There are plenty of parenting books out there teaching parents how to raise a child the “right way,” but I think it should start much earlier. Although children shouldn’t be burdened with the responsibility expected from an adult, it is necessary for them to peer into the future. I think once they do, they’ll realize how sweet a life of dependence could be. If it wasn’t for the increase of hormones during our teenage years and odd urge to fit in, I think we all could have been really happy doing things that make us happy. If we realized how insignificant high school was for a social stature and how everyone basically starts over in college, we would have just lived. How long has it been since you’ve read a book for leisure? How long has it been since you’ve sat down with your whole family at dinner? There are so many little pleasures that we miss as we grow older…
I will write a separate entry listing the things I wish I knew when I was younger, but there is one fact that changed my perspective on my parents: Parents are people too. Parents were our age doing the same things we were doing – they’re just a little older and burdened with more important things like maintaining the necessities of living. More importantly, parents also have parents and they don’t know the next phase. Honestly, I think they’re terrified thinking about how things could have been different. It only makes sense that as we grow older, there’s more time for us to make some mistakes. Did we raise good children? Are we being as good to our parents as we like to be treated when we’re their age?

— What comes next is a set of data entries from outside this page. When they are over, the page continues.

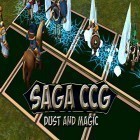 Juntamente com o jogo As Guerras de Desenhos Animados para Android, baixar grátis do Saga CCG: Dust and magic em celular ou tablet.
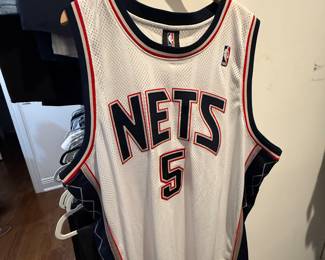 MEN'S JERSEYS, AUTOGRAPHED JASON KIDD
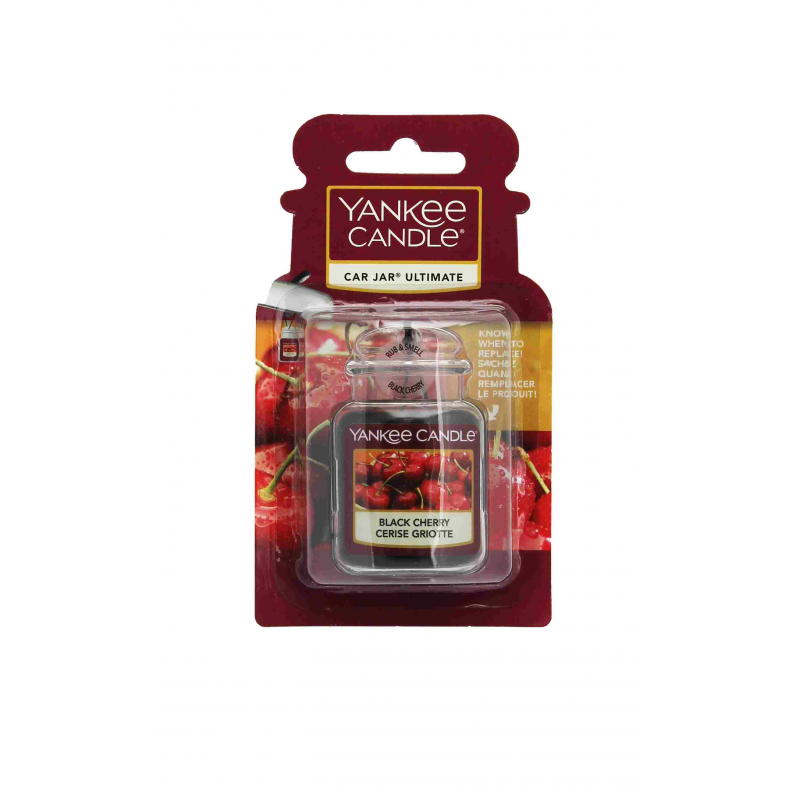 Yankee Car Jar Ultimate Cerise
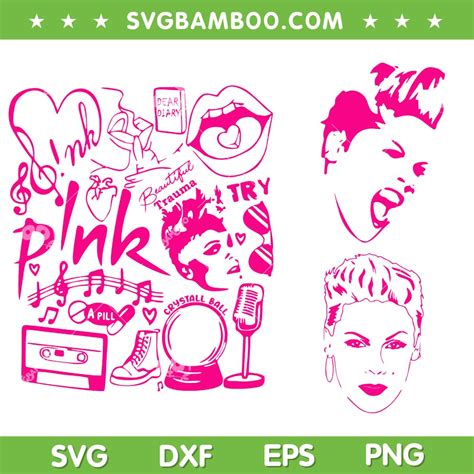 Pink Summer Carnival 2023 Svg Png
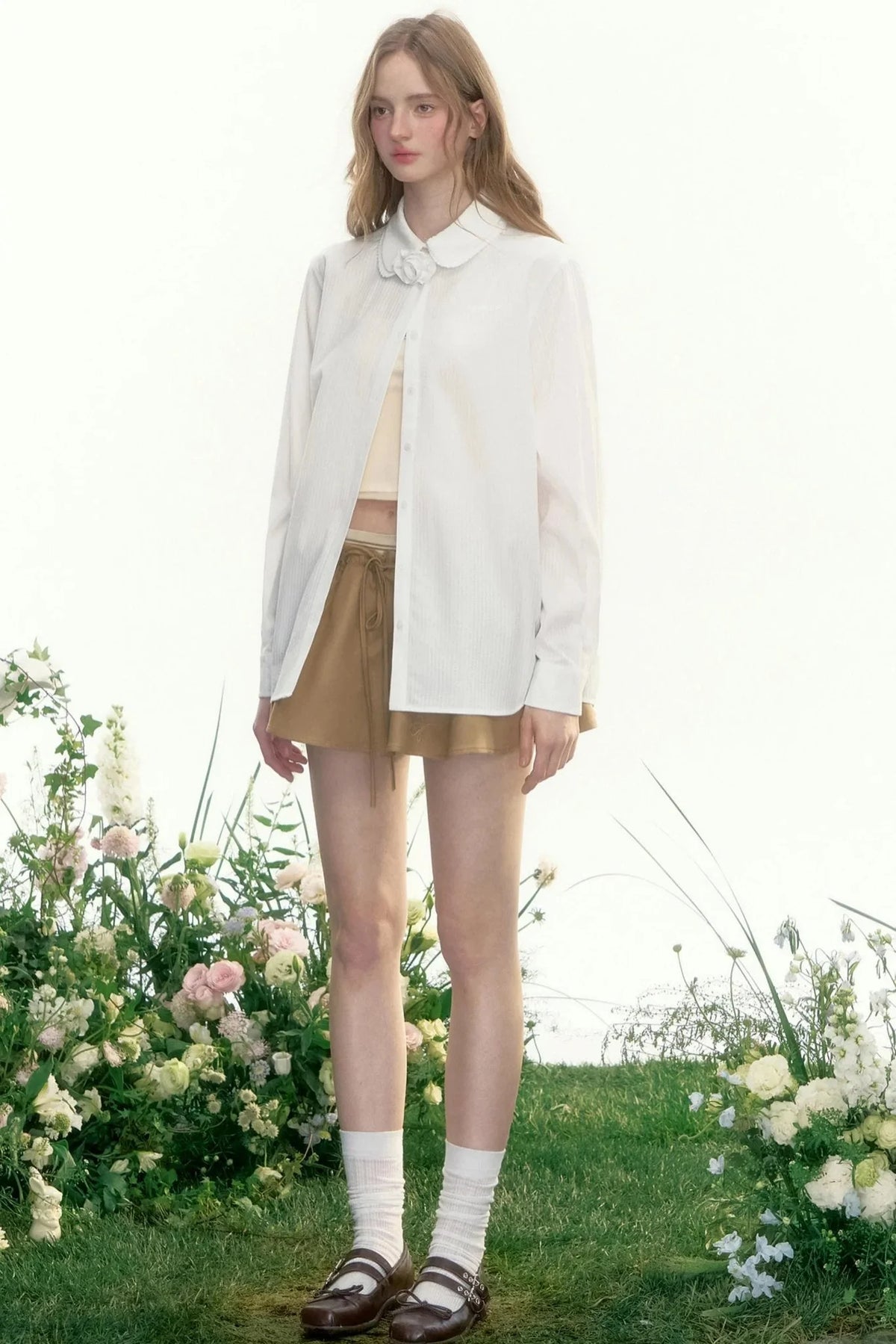 Soft Casual Long-Sleeve Shirt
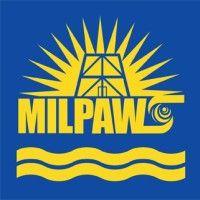 milpaws logo image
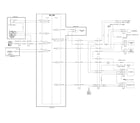 Frigidaire FFHT2021TW1 wiring schematic diagram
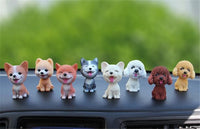 Load image into Gallery viewer, Shaking Head Dog Ornament
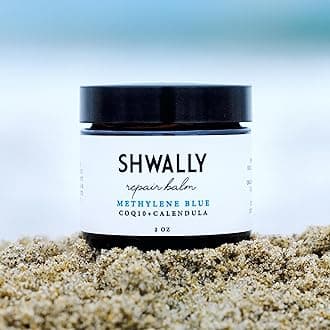 Shwally Tallow & Methylene Blue Balm (Subtle Tahitian Vanilla Bean), 2 Ounce (Pack of 1)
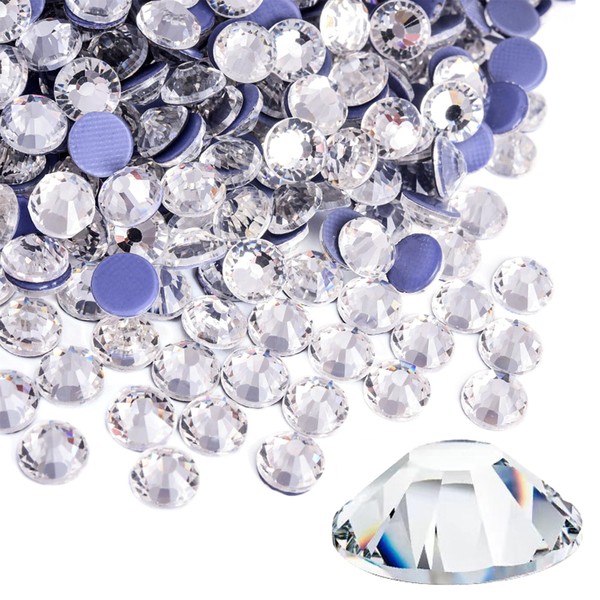 1440PCS Hotfix Rhinestones for Clothes - Flatback Crystal Rhinestones SS16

Either way, it’s never too late to pick up the phone. If we all just tried to make someone happy then we’d all be happier. Thank you for the wonderful childhood. I think you need to write down some guidelines for parenting.
~See Lemons Think Older
Raise up children ,our concept, is not a project. It’s a dedication of love. Over 21 years old, you are legally responsible for what you have done. Independence and freedom
in on your hand, be considerate and take it wisely. Our childhood was absolutely different from what you were.
Thank you for inspiring your brotehr to write a similar post.